Riel v. United States

1996 | Cited 0 times | D. Maine | July 22, 1996

MEMORANDUM DECISION ON DEFENDANT'S MOTION TO DISMISS 1

This action arises out of alleged personnel actions taken against the plaintiff by his employer, the defendant. The plaintiff seeks back pay and attorney fees under the Back Pay Act, 5 U.S.C. § 5596, and costs and attorney fees under 28 U.S.C. § 2412. The defendant 2 moves to dismiss pursuant to Fed. R. Civ. P. 12(b)(1) and (6) for lack of subject matter jurisdiction and failure to initiate and exhaust administrative remedies. For the reasons set forth below, I grant the defendant's motion.

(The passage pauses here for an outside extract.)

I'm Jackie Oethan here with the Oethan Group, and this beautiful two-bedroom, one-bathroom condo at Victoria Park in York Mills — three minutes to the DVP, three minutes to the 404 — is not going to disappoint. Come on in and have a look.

I. Standard for Reviewing Motion to Dismiss

When a defendant moves to dismiss pursuant to Rule 12(b)(1), the plaintiff has the burden of demonstrating that the court has jurisdiction. Lundquist v. Precision Valley Aviation, Inc., 946 F.2d 8, 10 (1st Cir. 1991); Lord v. Casco Bay Weekly, Inc., 789 F. Supp. 32, 33 (D. Me. 1992). However, when the basis of the defendant's 12(b)(1) motion is the plaintiff's alleged failure to state a federal claim, a court should assume jurisdiction and rule on the 12(b)(6) motion, unless the claim is "entirely frivolous," because "federal question jurisdiction exists once plaintiff has alleged even a colorable federal claim." Northeast Erectors Ass'n v. Secretary of Labor, 62 F.3d 37, 39 n.1 (1st Cir. 1995) (citing Bell v. Hood, 327 U.S. 678, 682-83 (1945)). Finding the plaintiff to have alleged at least a colorable federal claim, I assume that this court has jurisdiction and treat the motion as one to dismiss for failure to state a claim.

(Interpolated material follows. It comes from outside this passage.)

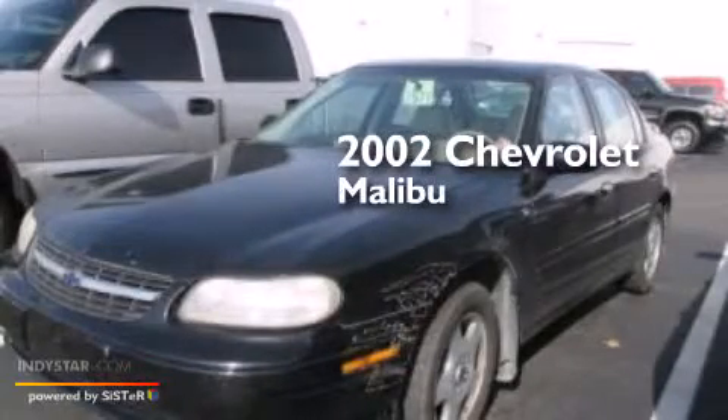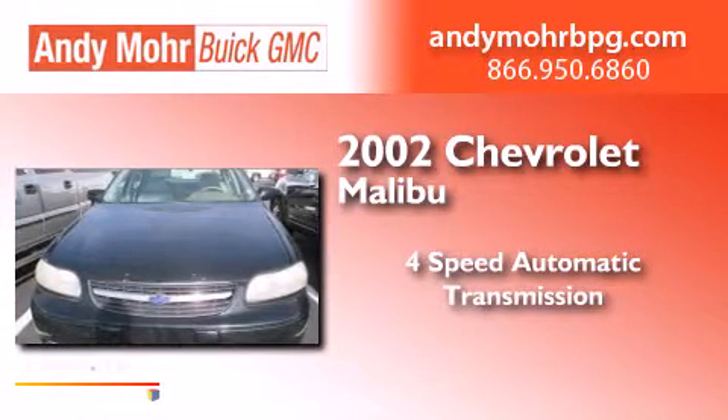This is a 2002 Chevrolet Malibu. This car has a 4-speed automatic transmission and a 3.1-liter V6.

"When evaluating a motion to dismiss under Rule 12(b)(6), [the court] take[s] the well-pleaded facts as they appear in the complaint, extending plaintiff every reasonable inference in his favor." Pihl v. Massachusetts Dep't of Educ., 9 F.3d 184, 187 (1st Cir. 1993). The defendant is entitled to dismissal for failure to state a claim "only if it clearly appears, according to the facts alleged, that the plaintiff cannot recover on any viable theory." Correa-Martinez v. Arrillaga-Belendez, 903 F.2d 49, 52 (1st Cir. 1990); see also Jackson v. Faber, 834 F. Supp. 471, 473 (D. Me. 1993).

II. Factual Allegations

At all relevant times the plaintiff was employed by the United States of America, through the Department of the Navy, at the Portsmouth Naval Shipyard in Kittery, Maine. Complaint ¶ 3. He was issued a Notice of Proposed Removal from Government Service ("Notice of Proposed Removal") dated November 21, 1994. Id. ¶ 4.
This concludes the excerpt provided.